Dulles, lo mismo que Dorothy Day, Thomas Merton y otras personas que se convirtieron al catolicismo en este periodo, contaban además con la presencia constante tanto en los medios de comunicación, como en los círculos académicos del noreste de Estados Unidos, de Patrick Joseph Hayes y Francis Spellman, quienes fueron, respectivamente, los arzobispos de Nueva York de 1918 a 1938 y de 1939 a 1969,

A pesar de eso, sería un error suponer que la conversión de Dulles al catolicismo fue obra sólo del contexto intelectual, académico y espiritual de Estados Unidos en esa época. Muy por el contrario, cuando él explicó, en Testimonio de gracia (Testimonial of Grace, publicado en 1946), su conversión al catolicismo ocurrida en 1940, el futuro cardenal Dulles explicaba que en un día nublado de febrero de 1939, al caminar por la ribera del río Charles en Cambridge, observó la manera en que un retoño surgía del tronco de un árbol y…

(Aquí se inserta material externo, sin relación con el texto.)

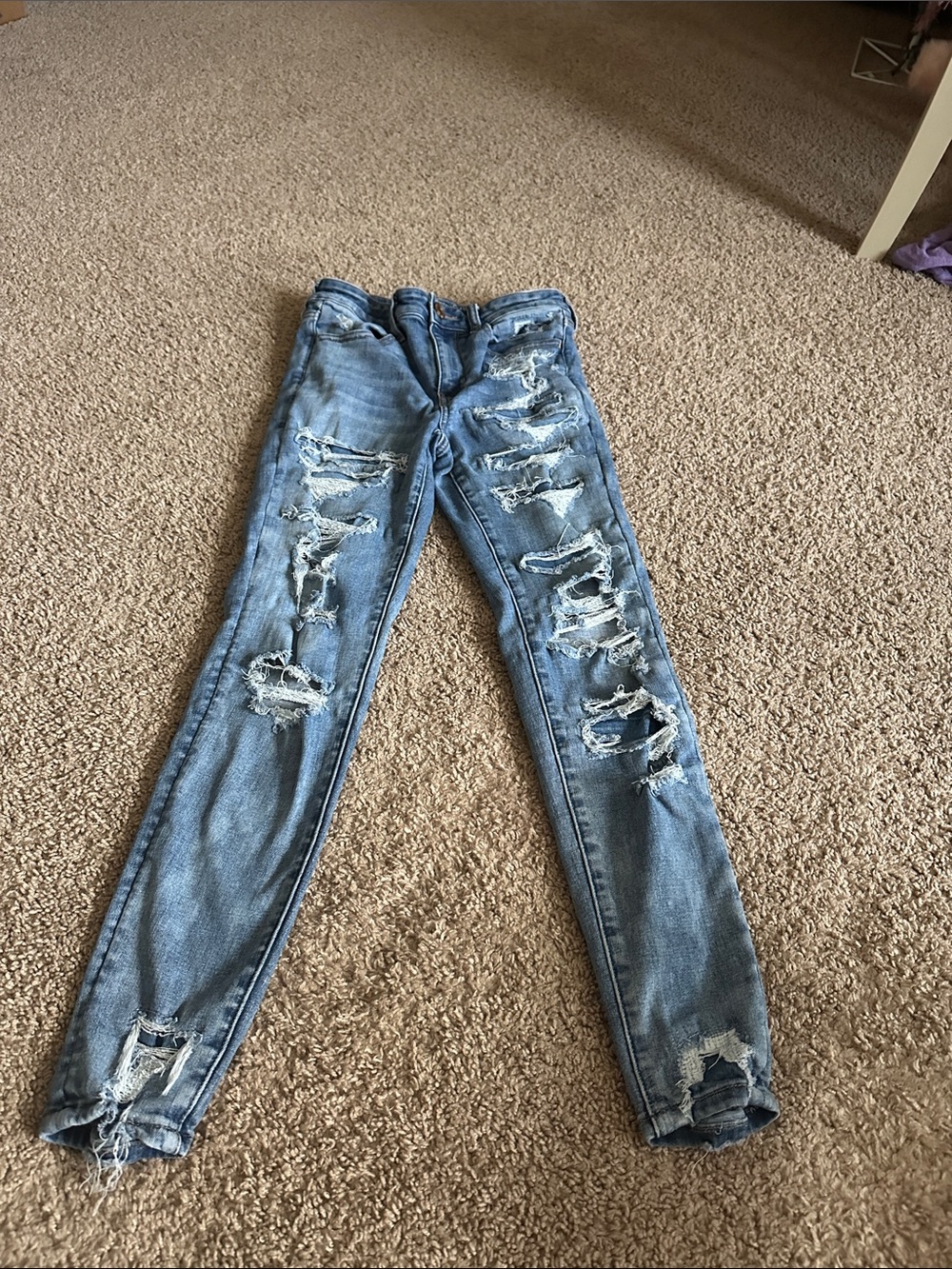 American Eagle Outfitters Light Blue Distressed Skinny Jeans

…el pensamiento llegó de repente, con toda la fuerza y la novedad de una revelación, que esos pequeños retoños, en su inocencia y humildad, seguían una regla, una ley de la cual yo sabía nada.

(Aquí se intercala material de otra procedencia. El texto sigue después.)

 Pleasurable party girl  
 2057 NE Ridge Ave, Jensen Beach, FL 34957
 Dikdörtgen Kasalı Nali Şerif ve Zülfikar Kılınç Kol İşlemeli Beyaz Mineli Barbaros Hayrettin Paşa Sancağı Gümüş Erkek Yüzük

Esa noche—escribió el joven Dulles en 1946 cuando recién había decidido ingresar como aspirante a la Compañía de Jesús—por primera vez en muchos años, oré.
Seis años después de decidir su conversión al catolicismo, Dulles decidió ingresar en la Compañía de Jesús e inició una activa carrera como teólogo que le permitió participar con una voz inteligente y serena en distintos debates dentro y fuera de la Iglesia.

Dulles lo logró luego de estudiar el doctorado en la Universidad Gregoriana de Roma, de donde pasó a ser profesor en las universidades de Woodstock, la Católica de América de Washington, DC y Fordham, en la ciudad de Nueva York.

En lo personal, tuve la oportunidad de conocer y escuchar dos de las conferencias magistrales del cardenal Dulles durante mi estancia en Fordham que, además de ser la universidad jesuita de Nueva York y la sede de una de las etapas de formación de los jóvenes aspirantes jesuitas, acoge a los jesuitas retirados, quienes ocupan el edificio Murray-Weigel en el campus de la Universidad.

Cuando tuve la oportunidad de conocerlo, Dulles era un hombre inteligente, vivaz, extremadamente articulado a pesar de su edad y del hecho que la polio que lo atacó durante la década de los cuarenta, cuando prestó servicio militar en la armada de su país, terminó por hacerle imposible comunicarse oralmente.

De hecho, en 2008, el último año que ofreció su conferencia anual, ya no fue capaz de pronunciarla él mismo, sino que debió pedirle a uno de sus colegas jesuitas que la leyera, mientras él, con sus ojos y sus manos, pero en silencio, enfatizaba algunas ideas presentes en el texto.

En una de sus últimas intervenciones públicas, a mediados de la presente década, Dulles explicó su papel como teólogo como un esfuerzo orientado en la lógica de honrar y reconocer la diversidad y el disenso en el seno de la Iglesia, pero orientado—en última instancia—en la lógica de articular las tradiciones de la propia Iglesia y preservar su unidad interna.